[DeviceMesh] Update get_group and add get_all_groups #128097

wz337 · 2024-06-06T01:23:12Z

Fixes #121984

cc @mrshenli @pritamdamania87 @zhaojuanmao @satgera @gqchen @aazzolini @osalpekar @jiayisuse @H-Huang @kwen2501 @awgu @penguinwu @fegin @XilunWu @wanchaol @fduwjj @tianyu-l @wconstab @yf225 @chauhang @d4l3k @msaroufim

pytorch-bot · 2024-06-06T01:23:14Z

🔗 Helpful Links

🧪 See artifacts and rendered test results at hud.pytorch.org/pr/128097

📄 Preview Python docs built from this PR
📄 Preview C++ docs built from this PR
❓ Need help or want to give feedback on the CI? Visit the bot commands wiki or our office hours

Note: Links to docs will display an error until the docs builds have been completed.

❗ 1 Active SEVs

There are 1 currently active SEVs. If your PR is affected, please view them below:

Rebase your PRs: Unstable CUDA signal in CI caused by cudnn 9 update

❌ 1 New Failure, 4 Unrelated Failures

As of commit a2640e5 with merge base 65aa16f ():

NEW FAILURE - The following job has failed:

trunk / linux-focal-cuda12.4-py3.10-gcc9-sm86 / test (default, 3, 5, linux.g5.4xlarge.nvidia.gpu) (gh)
test_foreach.py::TestForeachCUDA::test_parity__foreach_erf_fastpath_inplace_cuda_bool

FLAKY - The following jobs failed but were likely due to flakiness present on trunk:

inductor / cuda12.1-py3.10-gcc9-sm86 / test (dynamic_inductor_timm, 1, 2, linux.g5.4xlarge.nvidia.gpu) (gh) (similar failure)
gluon_inception_v3
inductor-periodic / cuda12.1-py3.10-gcc9-sm86-periodic-dynamo-benchmarks / test (dynamic_aot_eager_torchbench, 2, 2, linux.g5.4xlarge.nvidia.gpu) (gh) (matched linux rule in flaky-rules.json)
Error response from daemon: a prune operation is already running
inductor-periodic / cuda12.4-py3.10-gcc9-sm86 / test (dynamic_inductor_torchbench, 2, 2, linux.g5.4xlarge.nvidia.gpu) (gh) (matched linux rule in flaky-rules.json)
Error response from daemon: a prune operation is already running

UNSTABLE - The following job failed but was likely due to flakiness present on trunk and has been marked as unstable:

inductor / linux-jammy-cpu-py3.8-gcc11-inductor / test (inductor_torchbench_cpu_smoketest_perf, 1, 1, linux.24xl.spr-metal, unstable) (gh) (#126993)
Process completed with exit code 1.

This comment was automatically generated by Dr. CI and updates every 15 minutes.
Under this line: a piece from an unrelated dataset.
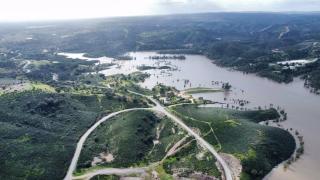 Crecida del caudal del río en Aznalcóllar tras las lluvias.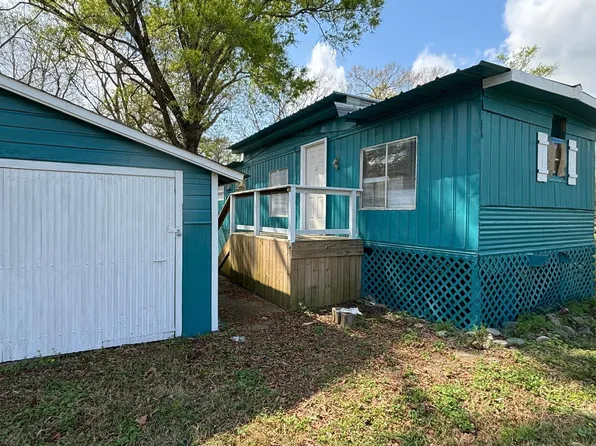 250 Richard St, Coldspring, TX 77331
wz337 · 2024-06-06T17:06:28Z

@wconstab @wanchaol As suggested, I updated get_group to return a single PG and added a new API for get_groups. I am wondering how we should warn the user about the change, since the API signature of get_group remains the same while the return type changes.

I believe most of the use cases I've seen use get_group with a mesh_dim passing in, so these use cases won't be affected. The few use cases where the list is returned is actually in our own code base or tests. Should we throw a warning in get_group when user does not pass in a mesh_dim and redirect them to get_groups if they are looking for the list of all the PGs?
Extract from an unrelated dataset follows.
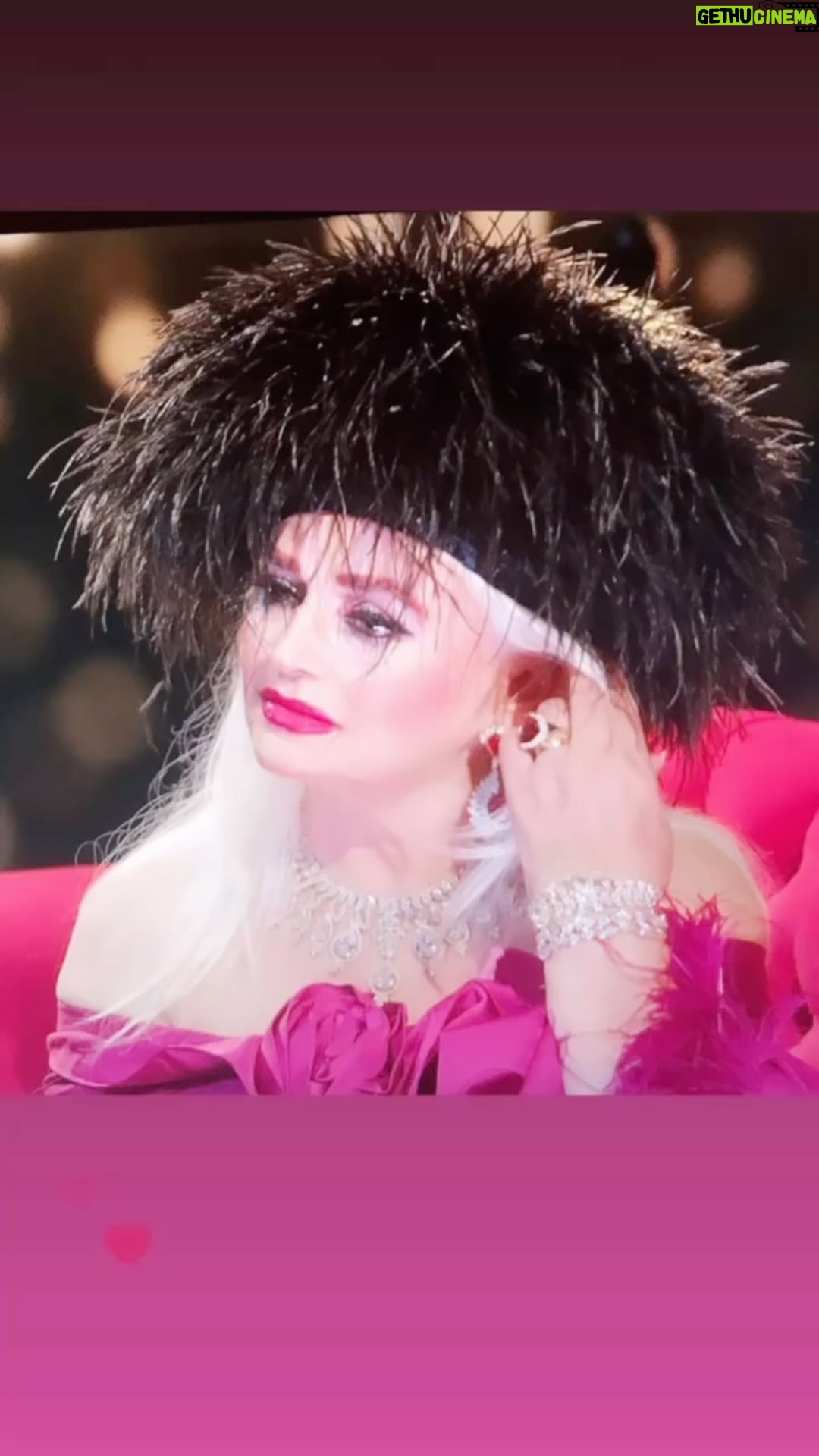 Banu Alkan Instagram - KATARSİS PROGRAMINDAN GÖRÜNTÜLER MAYIS’TA YUTUP KANALINDA#istanbul #izmir #india #dubai #ankara #newyork #paris #london #berlin @kyliejenner @banualkanresmi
facebook-github-bot · 2024-06-06T17:07:28Z

@wz337 has imported this pull request. If you are a Meta employee, you can view this diff on Phabricator.

wconstab · 2024-06-06T21:15:04Z

torch/distributed/device_mesh.py

-                return not_none(
-                    _find_pg_by_ranks_and_tag(*self._dim_group_infos[0][:2])
+            if self.mesh.ndim > 1 and mesh_dim is None:
+                raise RuntimeError(


do we want to raise the error here or just issue a deprecation warning?
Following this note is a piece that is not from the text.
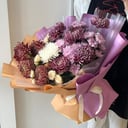 Авторский букет с хризантемой бигуди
how many users do we think are already using this api and would hit this error

cc @wanchaol

I have reviewed all the internal use cases that I can find by fbgs mesh.get_group( (unless people named it some other stuff otherwise) and look like they are all either:

already calling get_group with mesh_dim specified

calling get_group on a 1D child mesh without mesh_dim specified

For these two cases, we are already returning a single PG anyway so these two cases won't be affected.

ok. it may be fine. if you want to derisk further against a revert, you could do a warning in this PR and stack a PR on top that changes the warning to an error. but i'll stamp to unblock.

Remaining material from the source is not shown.